Phill, when it's 7 degrees outside at my house, it's still grillin' time.  I have a 6 foot bank of snow on the west side of hte barbecue space in my front yard (with 3 feet of snow circling all around the grill space that I keep clear of snow).  The bank shelters me from the prevailing west-wind and any blowing snow that might be cuising sideways through the air.  I've been known to barbecue a turkey in such weather. 

The only weather that will stop my Webber is a downpour.  I'm not going to try and grill when the weather is putting out the fire. 

And, I agree whole-heartedly with your cooking style.

Seeeeeya; Goodweed of the North


----------



## Phil (Mar 7, 2006)

*Cold is one thing....*

...and wet is a whole nuther can o' worms.
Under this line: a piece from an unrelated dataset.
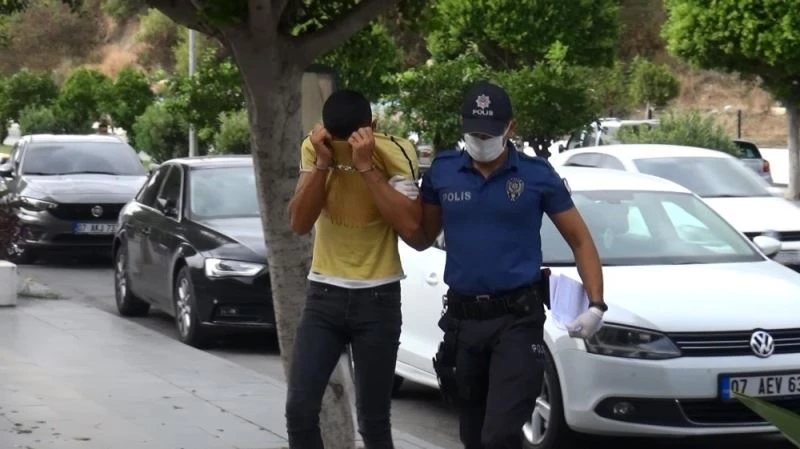 Kapalı çarşı esnafını bezdiren hırsızlar yakalandı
You folks from the north are much more used to it than us Suth-ners are. We do have bitter cold, but it lasts only a day or two. Y'all have my respect.


----------



## Chief Longwind Of The North (Mar 7, 2006)

Phill, I know whatcha mean.  We all get used to the environment we grow up in.  I lived in the San Diego area for ten years and never got comfortable with the heat.  I spent a week in Barstow and llived in the swimming pool.  I spent a year in the Memphis area and suffered with both the heat and humidity.  While there, we had a minor ice-storm that put a thin layer of ice on the roads.  The whole town was closed down along with the streets.  I drive through 3 foot drifts up here, and ice, well that's just another part of the road for 4 or 5 months out of the year.  And I chuckle when I hear of bitter-cold temps of 40 degrees.  To me, bitter cold is when it's so cold that my face hurts, instantly, and that doesn't happen  until I encounter a brisk wind at temps under 5 degrees F.  I and my kids have been known to camp out in tents and sleeping bags in sub-zero weather.  I just couldn't camp in 110 degree weather.  After about 90, I start melting.  At 15 degrees, I'm thinking that I won't have to sweat that day if I'm doing good, physical work outside.

My DW on the other hand, well, she's a Southern California girl.  She doesn't like anything under 70. 

Seeeeeya; Goodweed of the North


----------